## DATA IN THIS EXERCISE
###
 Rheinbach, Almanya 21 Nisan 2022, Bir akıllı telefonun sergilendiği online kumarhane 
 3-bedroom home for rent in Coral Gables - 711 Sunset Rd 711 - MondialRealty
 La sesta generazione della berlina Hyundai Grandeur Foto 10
###
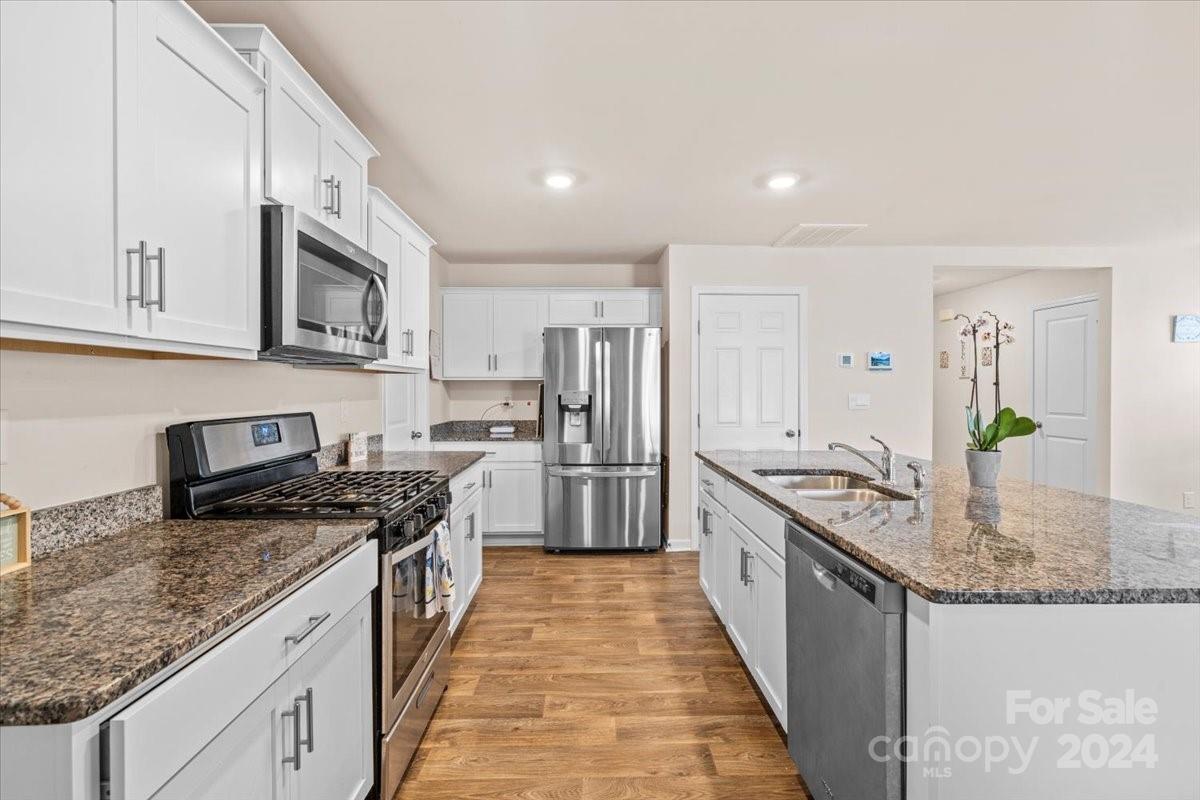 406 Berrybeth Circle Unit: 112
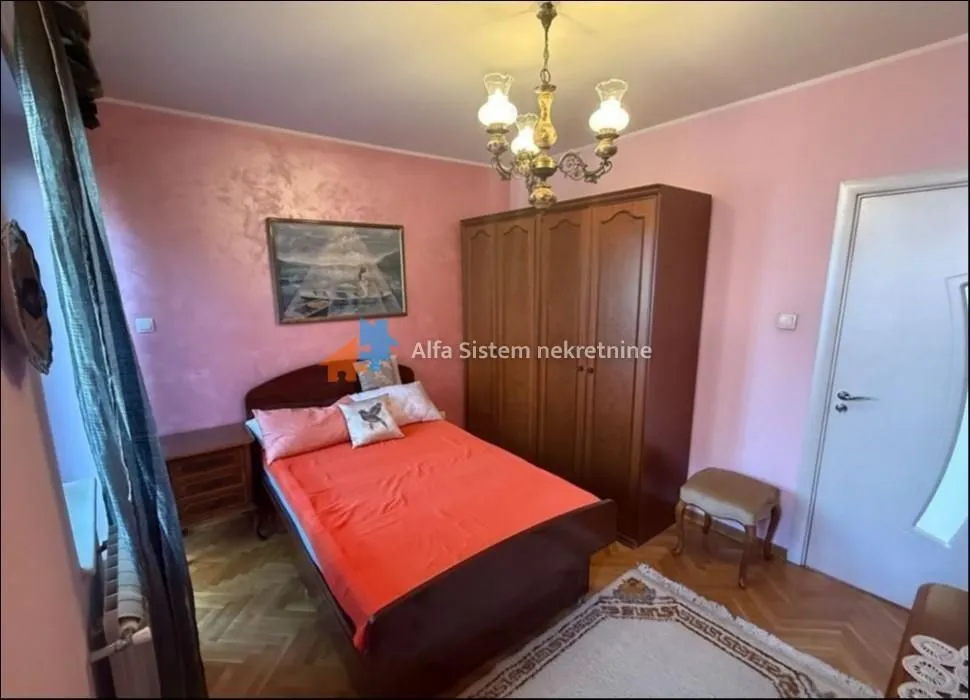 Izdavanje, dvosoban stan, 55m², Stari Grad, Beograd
###
## WORK TO COMPLETE
Please reproduce, exactly as they appear above, the lines from the line containing "Rheinbach, Almanya 21" up to and including the line containing "La sesta generazione".

## RESULT FOR THIS EXERCISE
 Rheinbach, Almanya 21 Nisan 2022, Bir akıllı telefonun sergilendiği online kumarhane 
 3-bedroom home for rent in Coral Gables - 711 Sunset Rd 711 - MondialRealty
 La sesta generazione della berlina Hyundai Grandeur Foto 10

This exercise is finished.